From: Mark Millard <marklmi_at_yahoo.com>
Date: Fri, 22 Dec 2023 09:09:12 UTC
Tomoaki AOKI <junchoon_at_dec.sakura.ne.jp> wrote on
Date: Thu, 21 Dec 2023 23:21:00 UTC :

> On Thu, 21 Dec 2023 14:22:14 +0100
> Dimitry Andric <dim@FreeBSD.org> wrote:
> 
> > Yeah, my procedure is the same as yours: I first copy /boot/efi/efi/freebsd/loader.efi to /boot/efi/efi/freebsd/loader.old, then copy the freshly built and installed /boot/loader.efi to /boot/efi/efi/freebsd/loader.efi. I don't see a technical reason why this could not be just another step in the installworld procedure.
> > 
> > That said, I am unsure if the pathname /boot/efi/efi is always the same, at least for all UEFI systems. It is the default layout when you do a regular install with recent installer onto a UEFI system, but some users may use completely different mount points. So you should still have some way of configuring the default location for loader installation.
> > 
> > Also, on default installations a fallback entry named /boot/efi/efi/boot/bootx64.efi is made, essentially another copy of loader.efi but with a different name. Namely, the default name that UEFI (on x86_64 at least) searches for, if it doesn't know anything else. I.e. if it isn't configured via efibootmgr(8), or the EFI variables have been junked for some reason. It might make sense to also update that file.
> > 
> > -Dimitry
> 
> Just an idea.
> 
> It would be nice if loader.efi (hopefully, boot1.efi,too) could pass
> "where am I placed?" info, maybe via kenv.
> 
> Would need boot1.efi to pass something (ideally, "where am I booted
> from?", but "boot1_used=1" is sufficient).
> 
> To do so, loader.efi can confirm whether it was loaded via boot1.efi or
> directly from UEFI firmware. If nothing is passed to it, it can probe
> "where it is?" using UEFI call and set it, otherwise, it should
> be /boot/loader.efi, so nothing is needed to do.

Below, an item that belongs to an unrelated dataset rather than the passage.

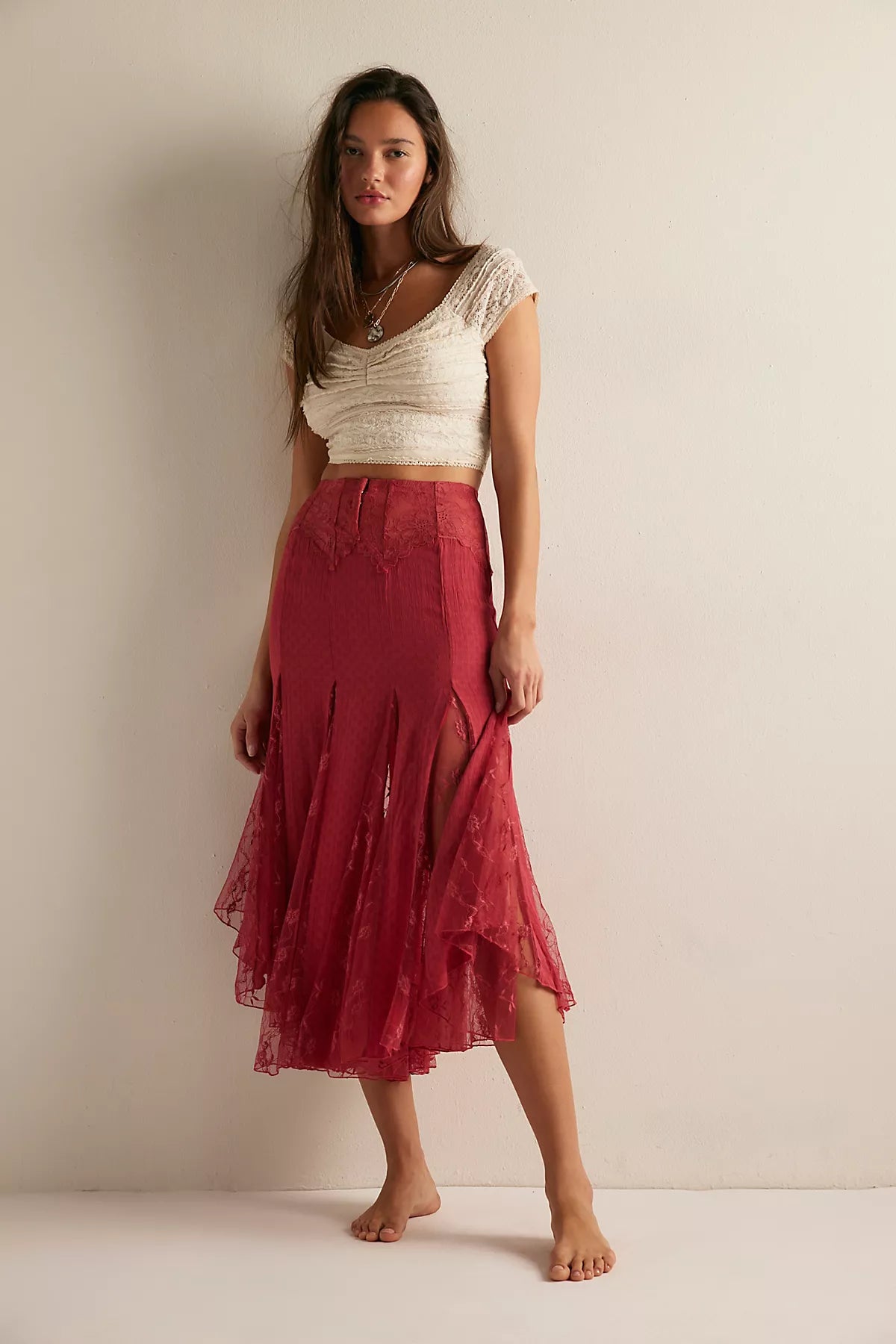 Nice To Meet You Maxi Slip Skirt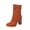 Solid Color, variant on jovati Ankle Boots for Women Pointed Toe High Heel Solid Color Winter Warm Casual Minimalist Style Zip Shoes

To my knowledge aarch64 and armv7 never use the copy in
/boot/loader.efi during a boot. It has to have been copied
into the appropriate msdosfs such that it has an
appropriate path and name there. That is what is found
and used during the boot.

> If no related kenv is set and freebsd-boot partition exists, it should
> be booted with legacy (BIOS) boot.

If there even is a "legacy (BIOS) boot" is a platform
specific issue as far as I know.

> The easiest to be set by loader.efi and/or boot1.efi would be raw UEFI
> device path. So would need analyzing where actually is on booted
> FreeBBSD environment.

See the earlier point about aarch64 and armv7 not using
/boot/* files while loading the FreeBSD loader: the
FreeBSD loader variant used is the first stage able to
look inside UFS or ZFS file systems. Loading and
starting the FreeBSD loader happens before that stage
in those types of contexts.

> . . .

Also, to my knowledge, powerpc (32-bit), powerpc64, and
powerpc64le do not involve any variant of loader.efi or
UEFI/ACPI or UEFI/DeviceTriee in their boot sequnces.
Again: more platform specific rather than generic.